_About this exercise_
Return a copy of every line in the data below that contains "Self".

_Listed records_
◇ ◇ ◇

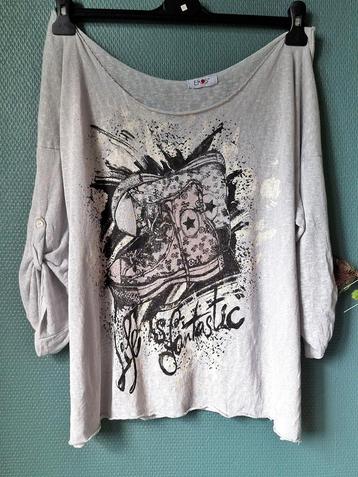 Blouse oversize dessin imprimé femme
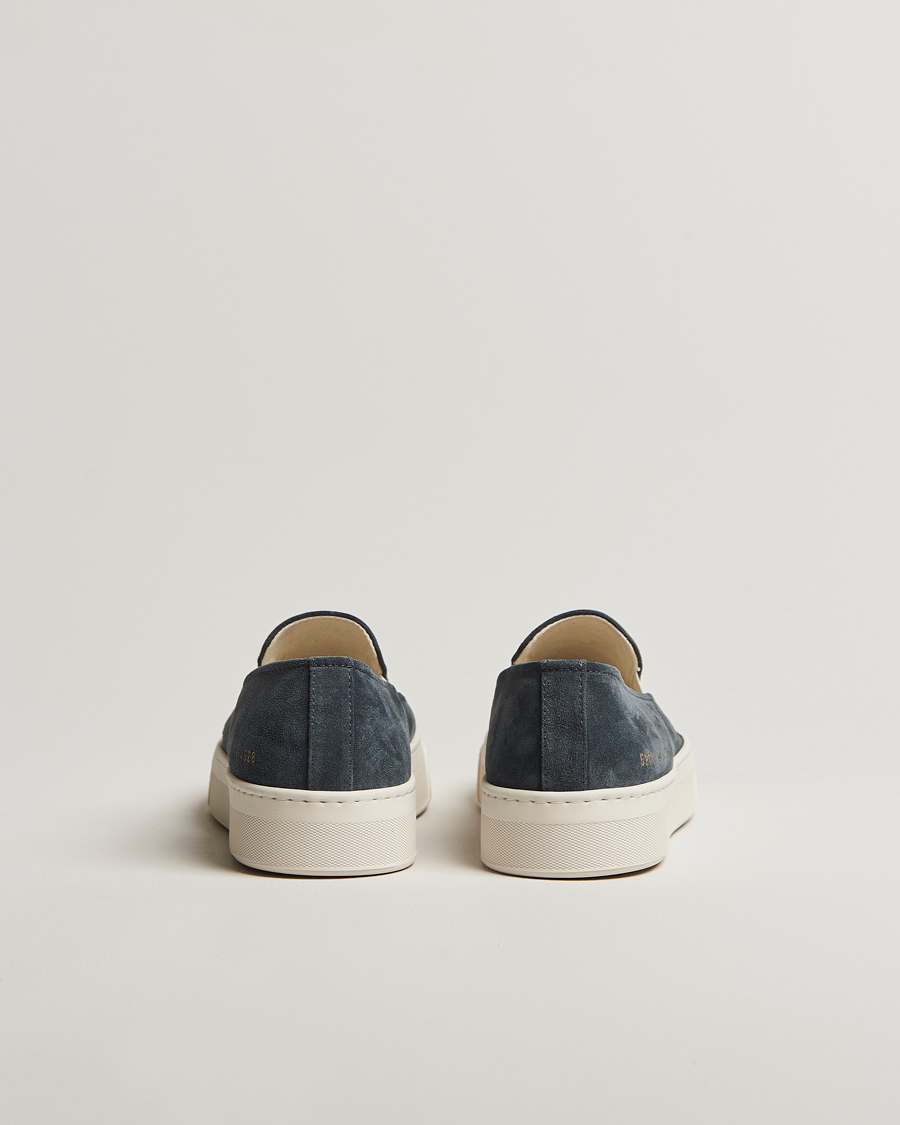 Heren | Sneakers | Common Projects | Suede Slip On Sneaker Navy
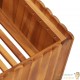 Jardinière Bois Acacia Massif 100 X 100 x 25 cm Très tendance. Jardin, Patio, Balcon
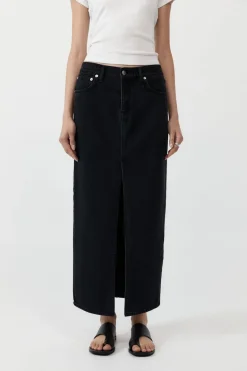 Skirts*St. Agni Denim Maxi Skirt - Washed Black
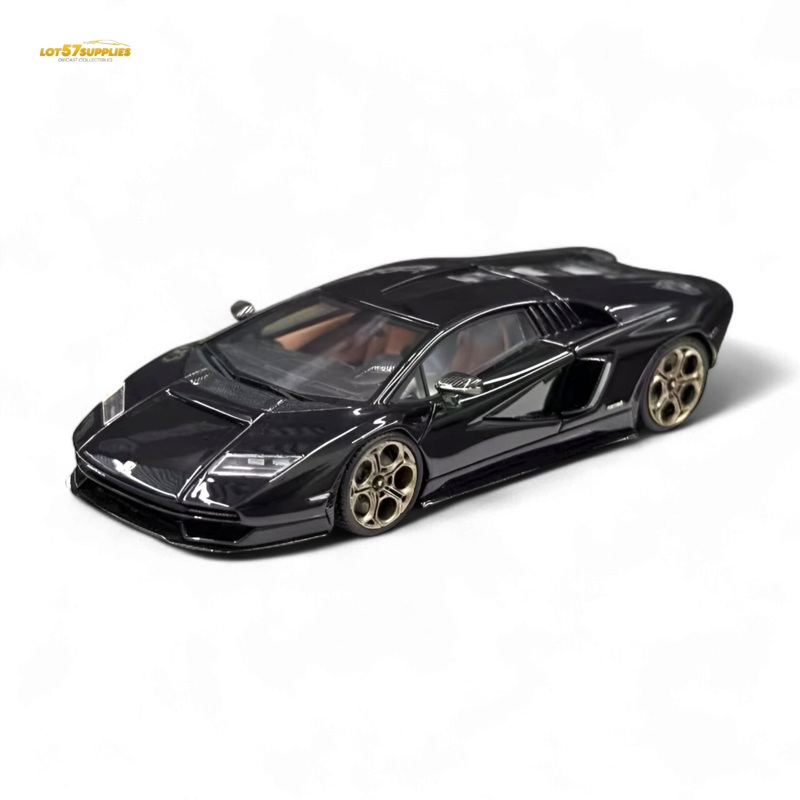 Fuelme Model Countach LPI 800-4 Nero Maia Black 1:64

◇ ◇ ◇

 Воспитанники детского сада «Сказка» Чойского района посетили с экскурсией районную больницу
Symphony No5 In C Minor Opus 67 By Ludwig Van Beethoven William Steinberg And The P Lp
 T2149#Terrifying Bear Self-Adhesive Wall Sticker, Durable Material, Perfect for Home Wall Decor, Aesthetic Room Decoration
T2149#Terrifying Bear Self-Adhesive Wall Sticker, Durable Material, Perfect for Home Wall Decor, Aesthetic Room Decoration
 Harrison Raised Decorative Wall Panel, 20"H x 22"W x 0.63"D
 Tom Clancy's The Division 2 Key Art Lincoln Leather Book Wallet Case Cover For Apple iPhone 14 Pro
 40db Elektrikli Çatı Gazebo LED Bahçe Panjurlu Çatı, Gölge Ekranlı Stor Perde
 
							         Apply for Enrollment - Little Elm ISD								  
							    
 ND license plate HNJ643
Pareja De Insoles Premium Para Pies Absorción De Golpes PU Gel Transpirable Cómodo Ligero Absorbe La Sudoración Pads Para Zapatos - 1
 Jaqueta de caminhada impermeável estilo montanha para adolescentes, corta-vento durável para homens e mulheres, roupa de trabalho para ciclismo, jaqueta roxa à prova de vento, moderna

◇ ◇ ◇

_Expected answer_
 T2149#Terrifying Bear Self-Adhesive Wall Sticker, Durable Material, Perfect for Home Wall Decor, Aesthetic Room Decoration
T2149#Terrifying Bear Self-Adhesive Wall Sticker, Durable Material, Perfect for Home Wall Decor, Aesthetic Room Decoration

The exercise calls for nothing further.